Webster v. Town of Candia, 146 NH 430
The plaintiffs argue that the planning board’s decisions constituted "takings" in violation of the State and Federal Constitutions. See NH CONST. pt. I, art. 12; US CONST. amends. V, XIV.
We first address the plaintiffs’ arguments under our State Constitution, using federal law only as an aid in our analysis. See State v. Ball, 124 NH 226, 231 (1983). Because the Federal Constitution affords the plaintiffs no greater protection than does the State Constitution, we do not undertake a separate federal analysis. See Lucas v. South Carolina Coastal Council, 505 U.S. 1003, 1014-19 (1992); Burrows v. City of Keene, 121 NH 590, 596-98 (1981).

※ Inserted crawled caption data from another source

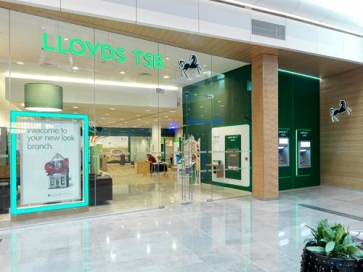 New look Lloyds Branch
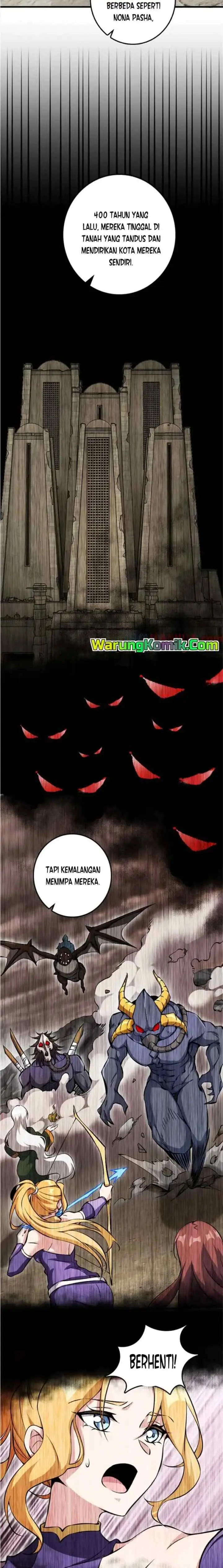 Release That Witch chapter 494.1 halaman 4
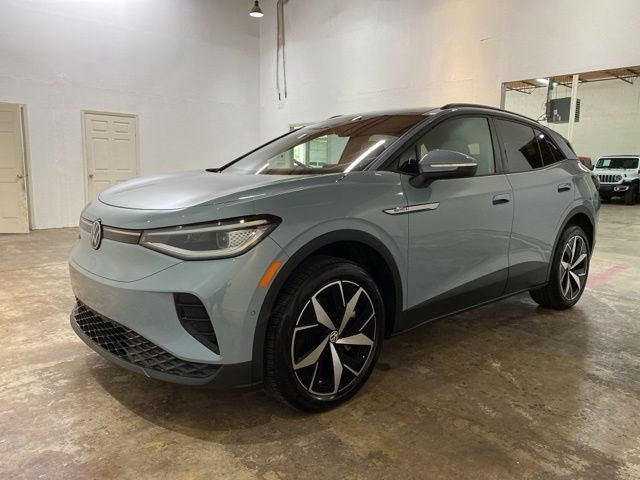 2024 Volkswagen ID.4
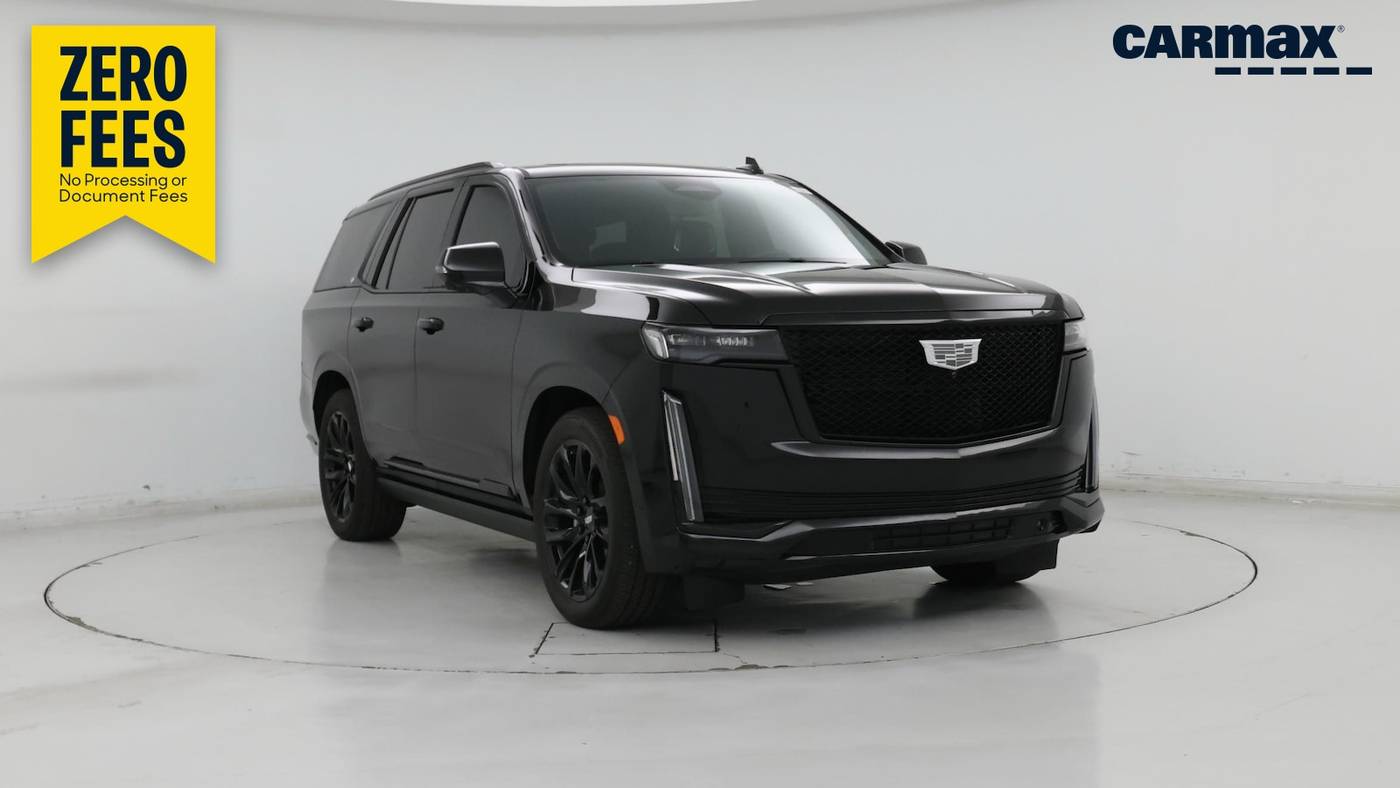 2024 Cadillac Escalade Sport Platinum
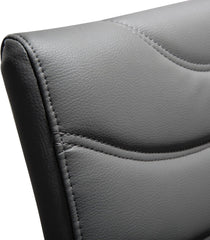Rio Grey Steel Counter Stool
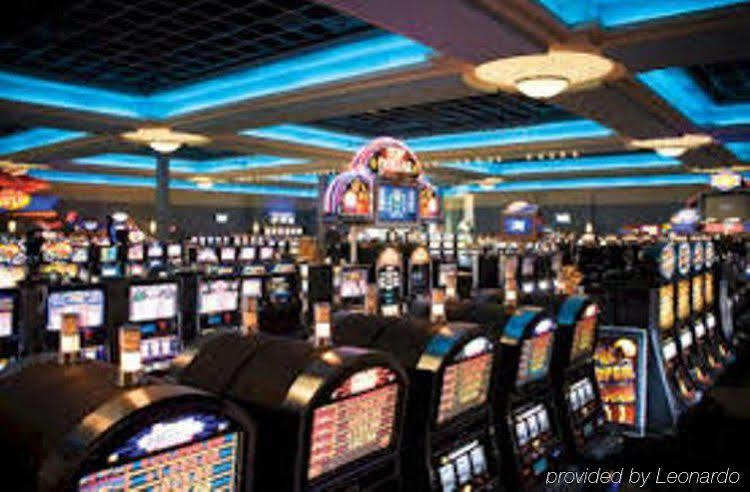 Riverwalk Casino Hotel 维克斯堡 外观 照片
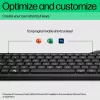 Teclado HP 460 Multi-Device Bluetooth, Tamanho completo (100%), sem fios, Bluetooth, mecânico, Preto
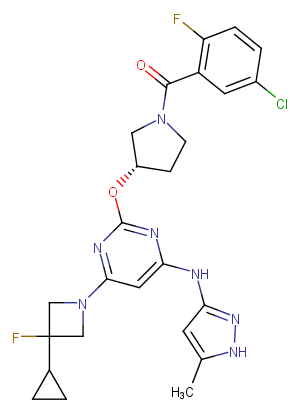 Aurora B inhibitor 1ͼƬ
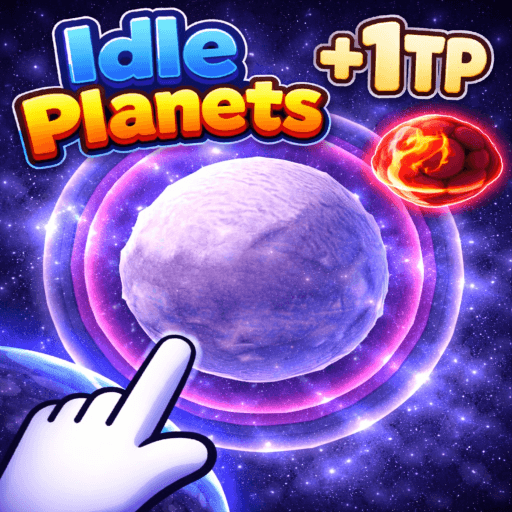 Idle Planets 🪐 Roblox game stats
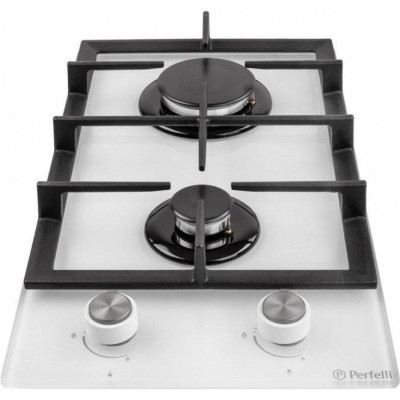 Варильна поверхня газова Perfelli HGG 31424 WH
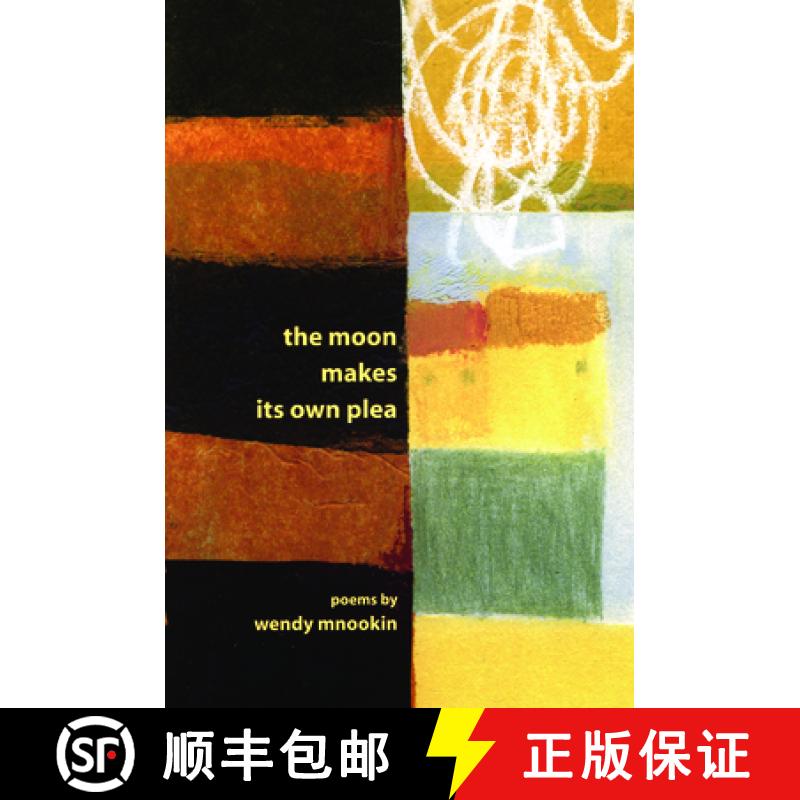 【3-4周达】The Moon Makes Its Own Plea [9781934414149]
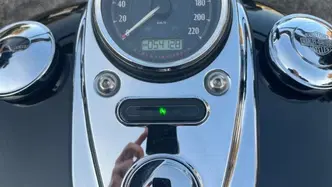 Harley-Davidson 1690 Wide Glide (2010 - 17) - FXDWG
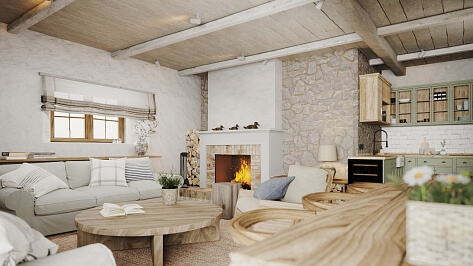 Huťský kout, Harrachov - Semily | Prodej, Rodinný dům, 5+kk, 237 m²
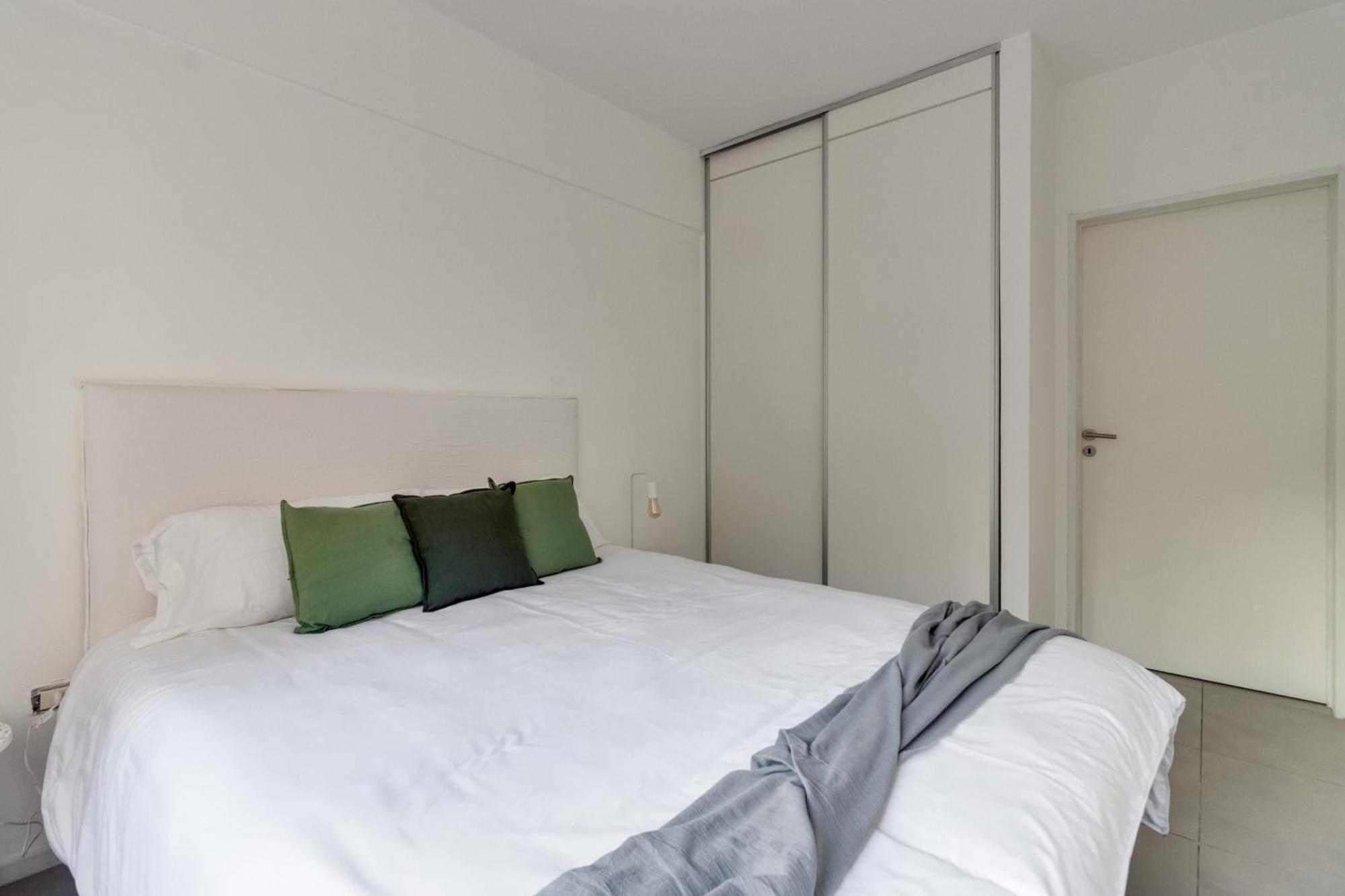 Departamento Moderno A 3 Cuadras Del Rosedal De Palermo Apartamento *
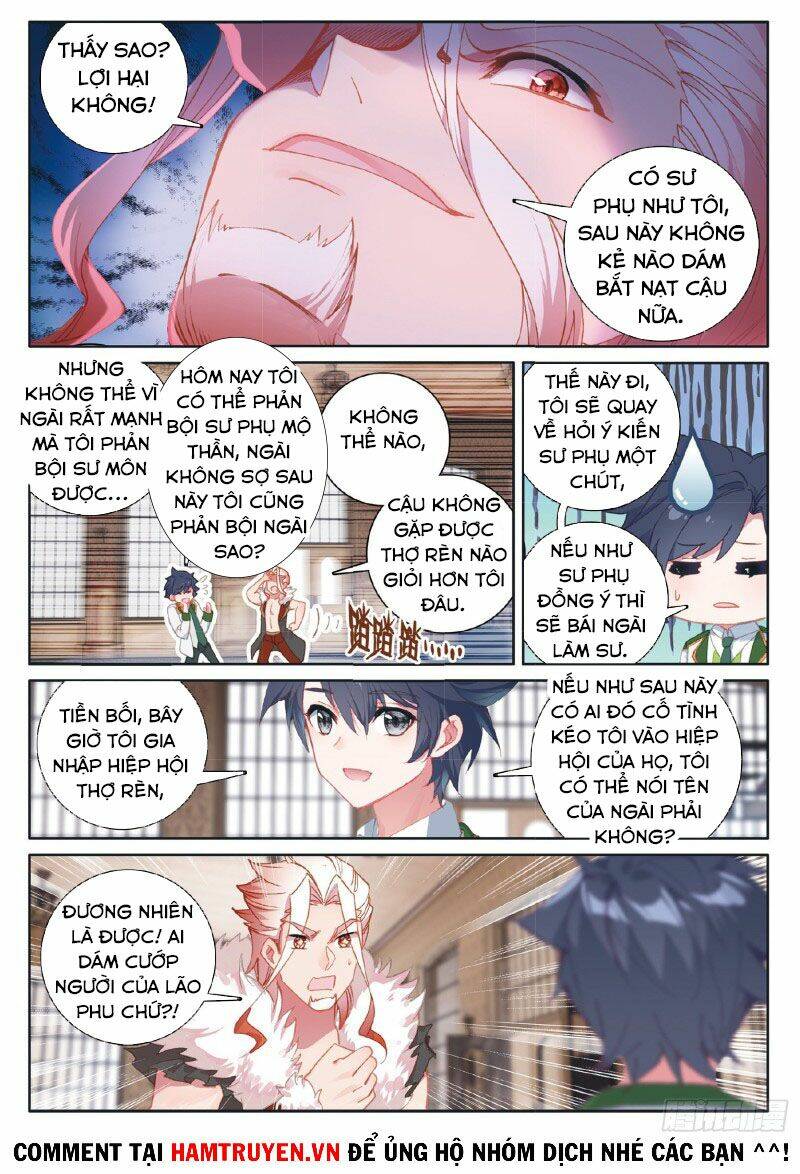 Long Vương Truyền Thuyết Chapter 232 - Trang 2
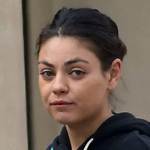 Mila Kunis on Being Photographed Without Makeup
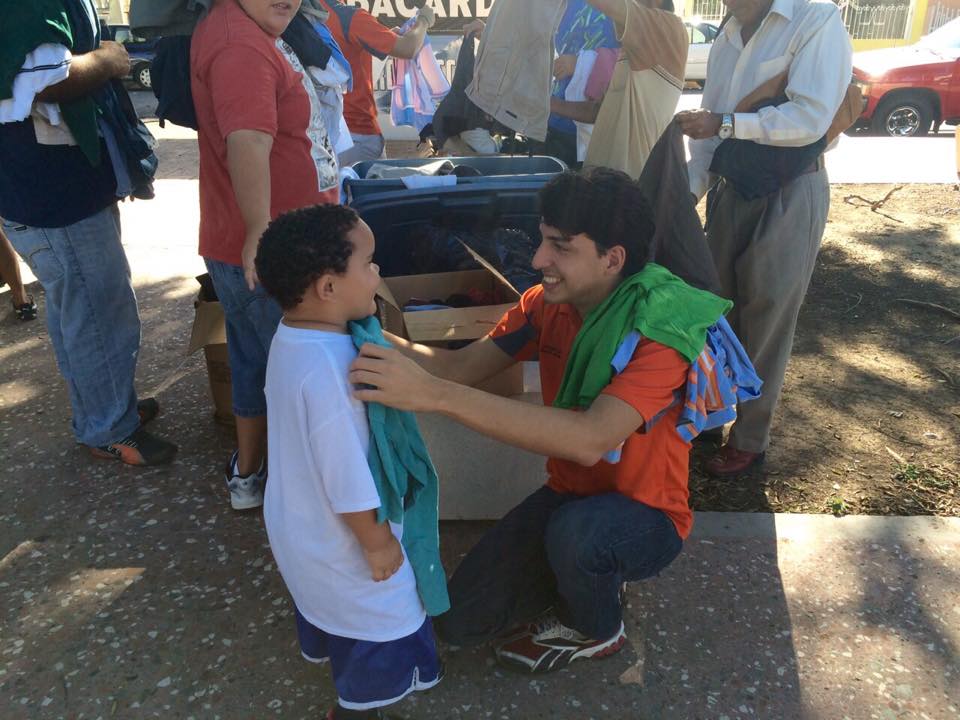 Líder estudiantil confía en un mejor Puerto Rico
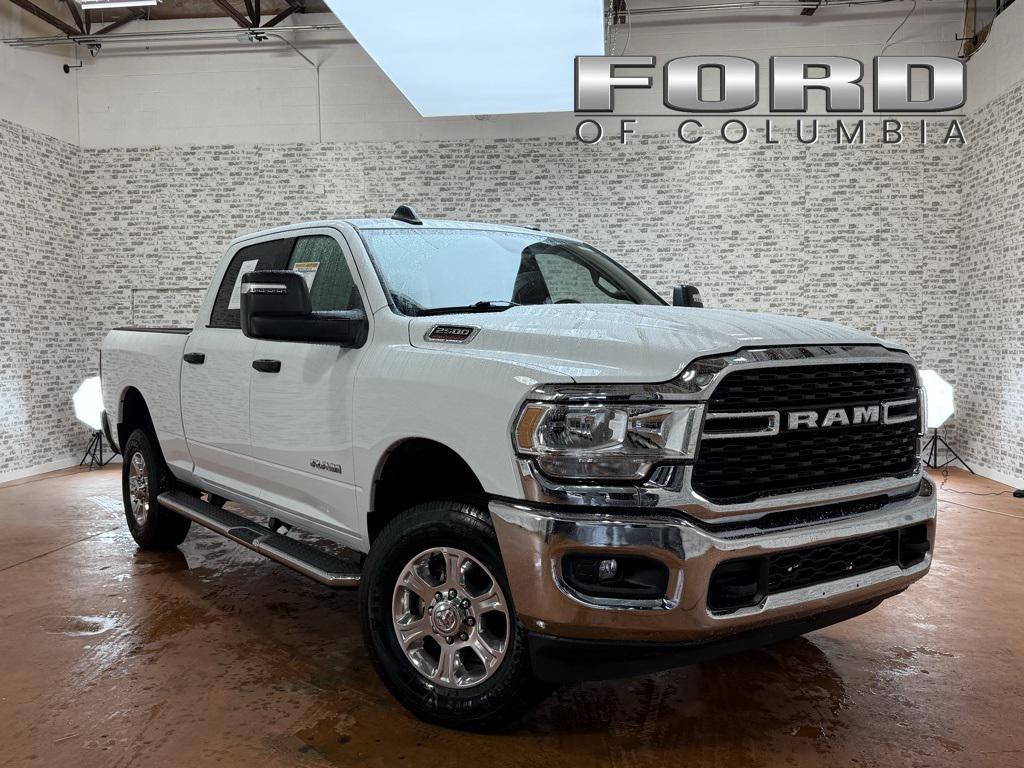 used 2024 Ram 2500 car, priced at $41,554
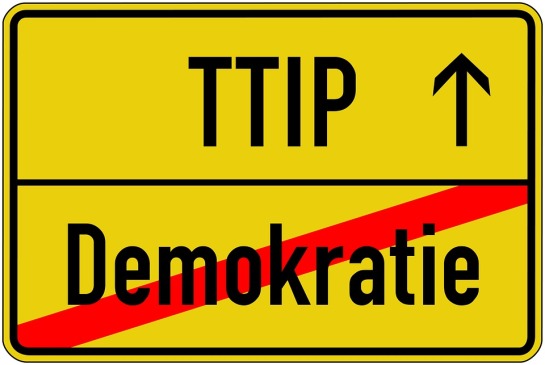 TTIP Grundlagen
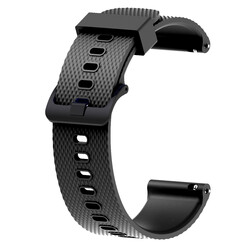 Galaxy Watch Active 2 40mm KRD-46 20mm Silikon Kordon - Thumbnail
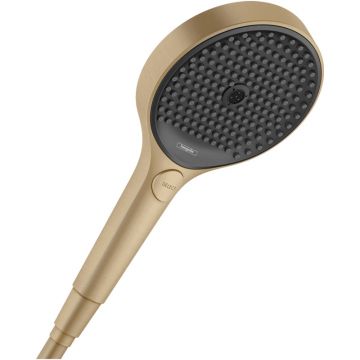 Para de dus Hansgrohe Rainfinity Bronz Satinat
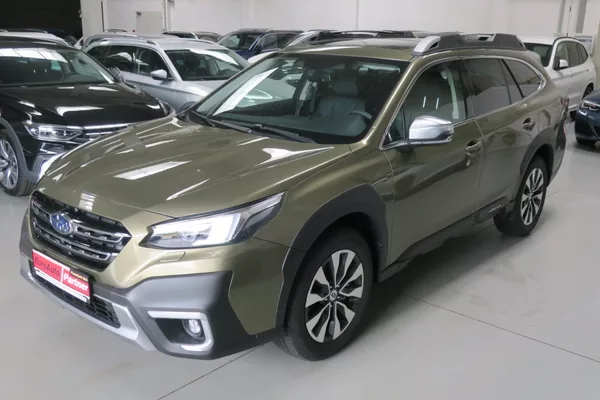 Subaru Outback 2.5i AWD Touring - foto 8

The Webster plaintiffs assert that the planning board’s decision was a "taking" because it deprived them of "reasonable access" to their property. Sanderson asserts that the planning board’s decision was a "taking" because it deprived her of "an economically viable use of the [p]roperty." Specifically, Sanderson argues that because of the planning board's decision, she may only build two single-family homes on the 260 acre parcel. Neither claim is viable.
While arbitrary or unreasonable restrictions which substantially deprive the owner of the economically viable use of his or her land may constitute a taking, Dumont v. Town of Wolfeboro, 137 NH 1, 9 (1993), the "failure to take discretionary affirmative action that would arguably have increased the value of [a landowner's] property" does not. Rockhouse Mt. Property Owners Assoc. v. Town of Conway, 127 NH 593, 601 (1986). In this case, the planning board’s failure to permit the plaintiffs to remove trees from Libbee Road is in no sense a taking. Id.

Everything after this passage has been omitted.